I just read the goofiest thing. The trend in selfies right now is to take a picture of yourself where you either: a) pretend you have a headache; or b) look like you have “Barbie feet.” I’m not kidding! Nutty, huh?
But, silly trends aside, selfies can serve many purposes. They can show family, friends, or community gathering together or capture something unique and interesting that catches the eye.
A selfie says a lot about the person (or people) in the photo. Those simple snapshot moments show you instantly who they are, where they are, what they’re doing, and how they present themselves.
I bring this up, because I want to ask you…
If you took a selfie of your own freelance website right now, what would it tell others about your copywriting services?
What would be a potential client’s first impression of you?
As a web copywriter, you want to put your best “self” out there, with a website that tells clients, “I’m a professional web copywriter and I can help you improve your traffic and sales online.”
Now, if potential clients look at your website right now, would that be the impression they get about you?
One easy way to tell is to use a checklist to audit your website… and pretend you’re the client.
By doing this, you’ll find any problems you can easily fix…
You’ll give prospects a better idea of why they should choose YOU…
And you’ll get valuable practice, which can translate to evaluating client sites and helping them improve THEIR first impressions to customers.
Here’s a starting checklist to see how your freelance website stacks up.
1. Your website clearly says what you offer and who you help.
Hopefully it’s clear to a prospect, within a split second, that you’re a web copywriter and you work for marketers in the [specific industry or niche].
Here are a few examples:
- Les Worley: Hi-Tech Content and Copy
- Farr Communications: B2B Copywriting for Accountants by a CPA
- PetCopywriter.com: Web-SEO Content & Consulting for Pet Industry Marketers
Every website, for any kind of business, should be this clear.

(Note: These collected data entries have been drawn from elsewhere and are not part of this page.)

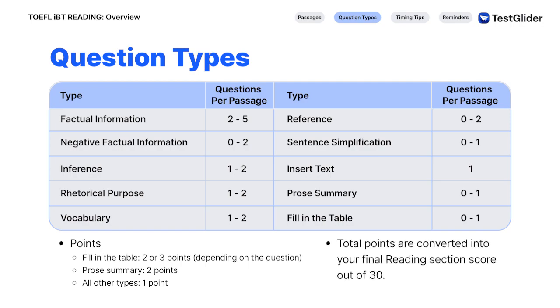This means that you can get a maximum of 22 points on the reading section. Your points are then converted into a score on a scale of 0 to 30, and that would be your official reading section score. We talk about each of these question types in our lectures, so you can check out our other videos if you want to find out how to strategically approach these questions.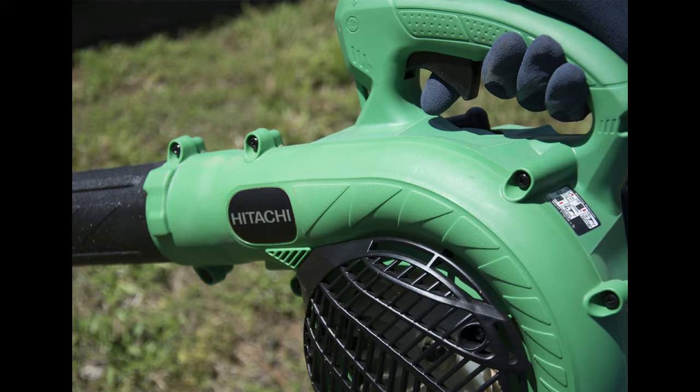The Hitachi is a gas-powered leaf blower that does the job wonderfully. It works especially well for small yards, but with its 23.9cc, 1.13hp commercial-grade engine, it is also great for bigger yard jobs.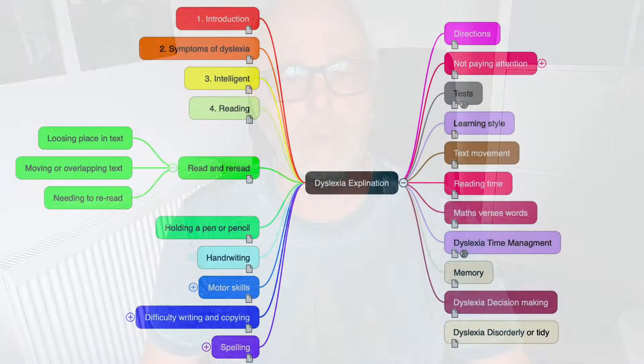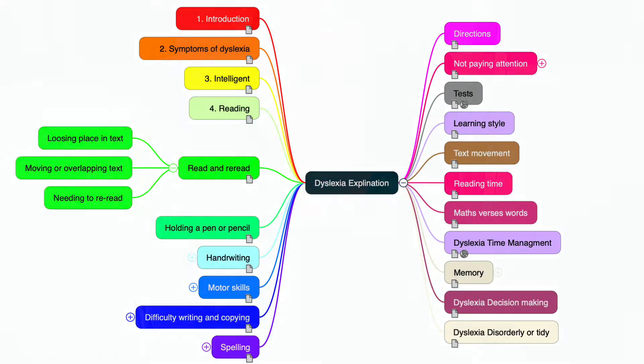Welcome back to the fourth video in the series. Today's video will be about reading — the what. Our brains have evolved to communicate verbally. We only started using text around 3600 BC, so using text is actually a very relatively new concept in human history.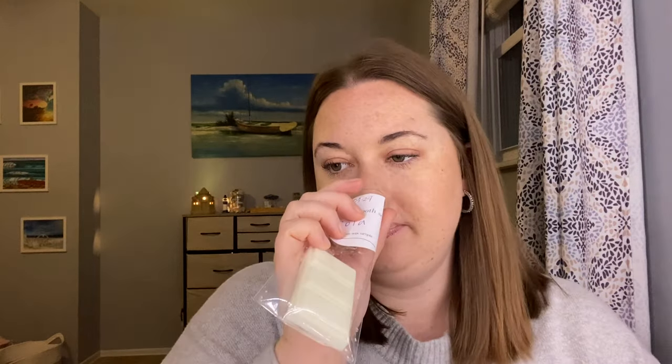Cola — you guys know I love this. I love Coca-Cola scents, not cherry Coke, just Coke, especially with bakery. Yeah, this is good. This smells like you just opened a can of Coke and it's sitting right in front of you. That is so, so good.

For your freelance business, this is very important. I know, from looking at online job sites, prospects are eager to find freelance copywriters who can help them grow their businesses and who understand their industries.
2. Your web content is about the prospect, not YOU!
Yes, your website should be about the unique, fabulous services you offer… but it should NOT be all about YOU.
Freelancers and businesses sometimes make the mistake of talking all about themselves — how great they are — without considering the prospect’s needs and wishes.
If you find you’re not projecting prospect-solution-focused messages with your current content, you can easily “flip” the tone and conversation in your content to be all about how you solve the prospect’s needs by:
- Writing optimized web content that’s easy for your target audience to find.
- Demonstrating you understand their industry or market.
THAT’S what prospects want to hear.
3. Your website invites prospects to engage with you somehow.
Ideally your site includes a free report, newsletter, free consultation, or something else appealing to the prospect so they’re willing to contact you or sign up with an email address. That’s the first step to building your relationships with potential clients.
Without having some type of appealing offer, you’re limiting your odds of starting a relationship.
4. Your website is mobile-responsive.
Keep in mind that many prospects — maybe more than 50% of them — will be looking at your website on their smartphones or tablets. If your website is on an outdated platform, it will look bad on a mobile device and create a poor impression.
Make sure you update your site to a mobile-responsive WordPress theme (or other) as quickly as possible! First impressions can make a huge difference.
5. Your website provides multiple ways for prospects to contact you.
If a potential client lands on your website and is excited to reach out to you, make sure it’s easy to do so! You want the prospect to be able to reach you right away if they’re motivated, right?
Some freelance websites (and other business sites) only offer a contact form on the site… and prospects are left wondering when they’ll hear back. It’s much better to provide an email address, phone number, LinkedIn link, and so forth, so prospects can choose their preferred method when they want to get in touch with you now.
These are just five ways to evaluate or audit your website to make sure it’s appealing to your prospects. There are many other ways, as well.
Once your website is in the best shape possible — looking good as a “selfie” for prospects to see —
Offer a similar “site audit checklist” service to your prospects, helping them find and fix gaps in their content.
This just may be the ticket to landing more clients.